Where job drain is biggest (it's not Ohio)
In percentage terms, Massachusetts tops the list of job-losing states since 2001
Here along Highway 495, a crescent of asphalt arching around Boston's suburbs, the effects of large-scale layoffs the past four years are visible from local restaurants to defunct car washes. When Lucent Technologies laid off close to 3,000 workers here between 2001 and 2002, half a mile away the lunch crowd at the Loft Restaurant and Bar thinned to a tiny gaggle. Business at the local car wash nose-dived.
Development of a nearby strip mall stopped. "Lucent's employees were the heart of a lot of business here," says Loft owner Jane Cassidy, gazing at the restaurant's mahogany bar.

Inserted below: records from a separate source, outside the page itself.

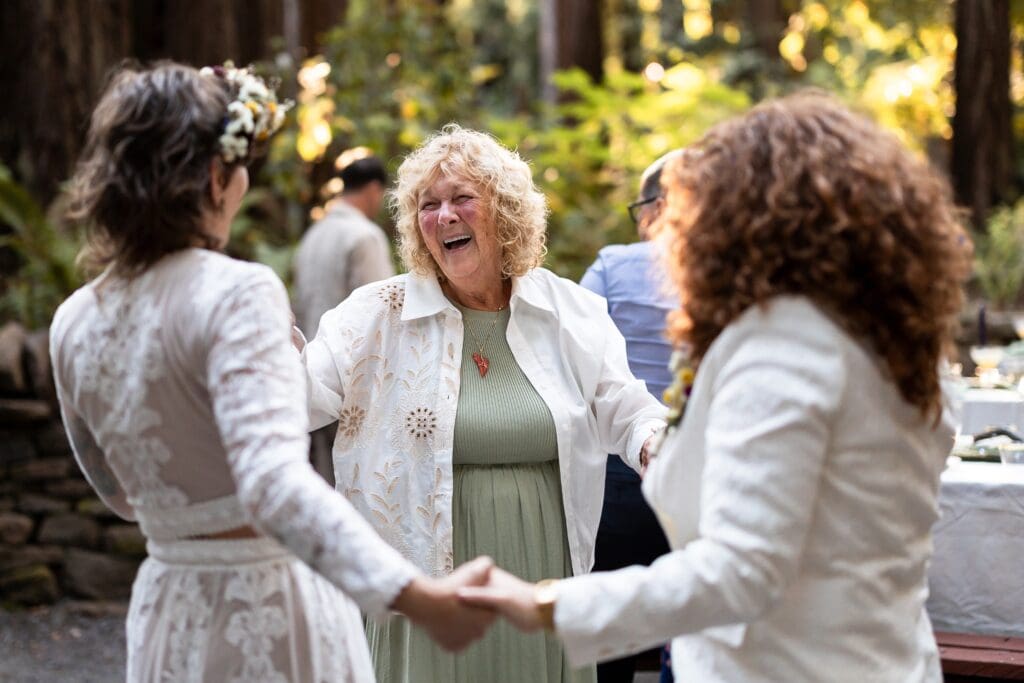Brides holding hands and laughing at Gualala Arts Center wedding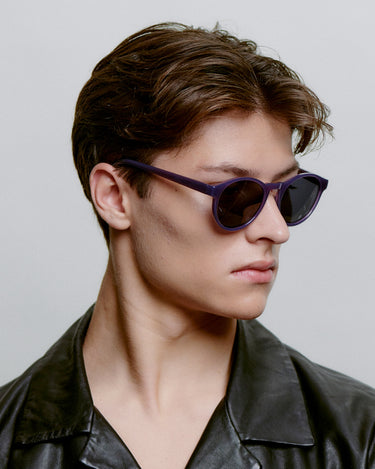 Runde lilla A.Kjærbede solbriller med mørk linse fra siden på herremodel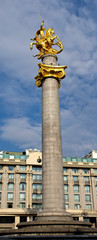 Fototapeta na wymiar Freedom Monument depicting St. George slaying the dragon, sculpted in granite and gold, Tbilisi, Georgia.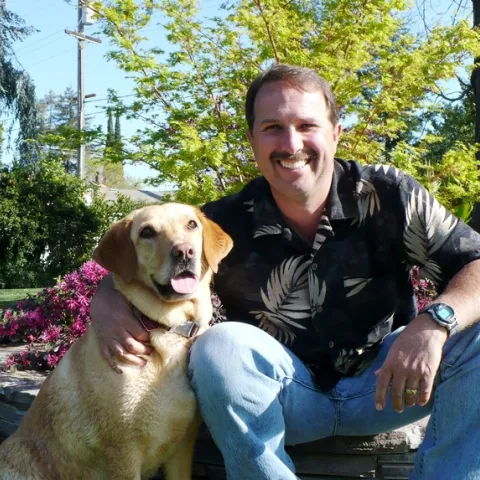 Roger sits beside his dog, a golden lab.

Lost jobs, especially in high-tech manufacturing, have become as familiar here as bad driving and Red Sox boosterism.
The job-drain problem runs nationwide, of course, with some 2.3 million more jobs lost than gained since 2001. But some states have been hit harder than others, and by one measure Massachusetts tops the list. It has lost a higher percentage of jobs the past three years - 6 percent - than any other state, according to data released this month by the Labor Department.

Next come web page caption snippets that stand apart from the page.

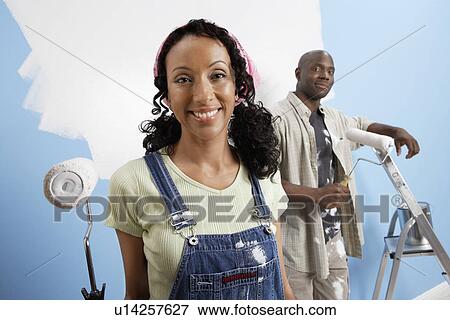 Couple holding paint rollers, portrait View Large Photo Image Stock Photo - Couple holding paint rollers, portrait. Fotosearch
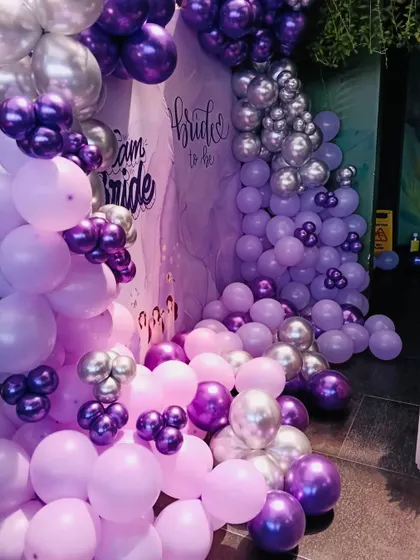A closer look at the cascading balloon arrangement for the bridal shower. I love mixing different shades and sizes of balloons, like these lilac, purple, and chrome ones, to create depth and a sense of abundance.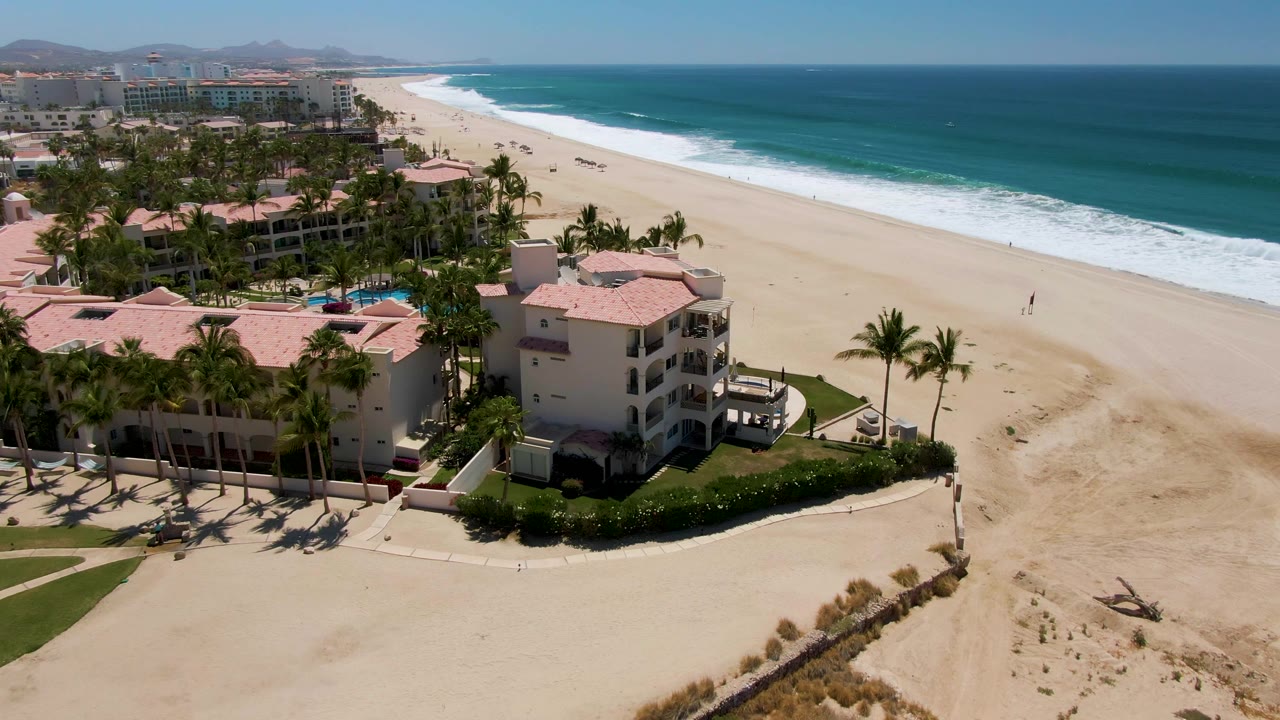 Aerial view of resort buildings, palm trees, sandy beach, and ocean surf.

The reasons here and in other hardest-hit states are varied, and suggest why the job issue is both at the centerpiece of the presidential campaign and difficult for politicians to solve. Outsourcing, enemy No. 1 in current discussions of the job dearth, is part of the problem. Lucent's jobs, for example, went to China and Canada. Meanwhile, if manufacturers aren't moving work offshore, they are learning to produce more efficiently at home, shedding workers in the process.
But there are other factors at work. Corporate scandals. The 9/11 attacks. Even drought. And as happened in North Andover, cutbacks at one large employer ripple outward in local economies, affecting small business and consumer buying.
"This isn't just about outsourcing overseas as many people are saying," says Doug Woodward, an economics professor at the University of South Carolina. "This is a complex issue that varies state to state."
Consider a few of the states that have lost jobs: Massachusetts, Colorado, Ohio, Illinois, and South Carolina.
In Massachusetts, job losses are rooted in the woes of the very industries that made the state an engine of the new economy during the '90s.
The decline of high-tech, prompted largely by a bursting stock market bubble in 2001, hit the state's information-based economy with inordinant force.
"The customers we serve got very conservative about how much they were willing to spend for our equipment," says Mary Wark, a Lucent spokesperson.
In addition to outsourcing some work overseas, the company also began working with contractors who paid their employees part-time wages of $9 compared to the minimum of $16 to $25 they received from Lucent, says Gary Nilsson, who heads the local Communication Workers of America union here.
Ohio has also seen a big loss of jobs, but it exemplifies another side of the nationwide trend in manufacturing. The state is known for manufacturing heavy durable goods like appliances and automobiles. Jobs have leaked from these industries for several decades, largely because of pressure overseas.
But the 3.8 percent job decline in Ohio since 2001 was based primarily on factories' investments in better technology during the late 1990s. When the recession came, factories were able to increase productivity while still laying off thousands.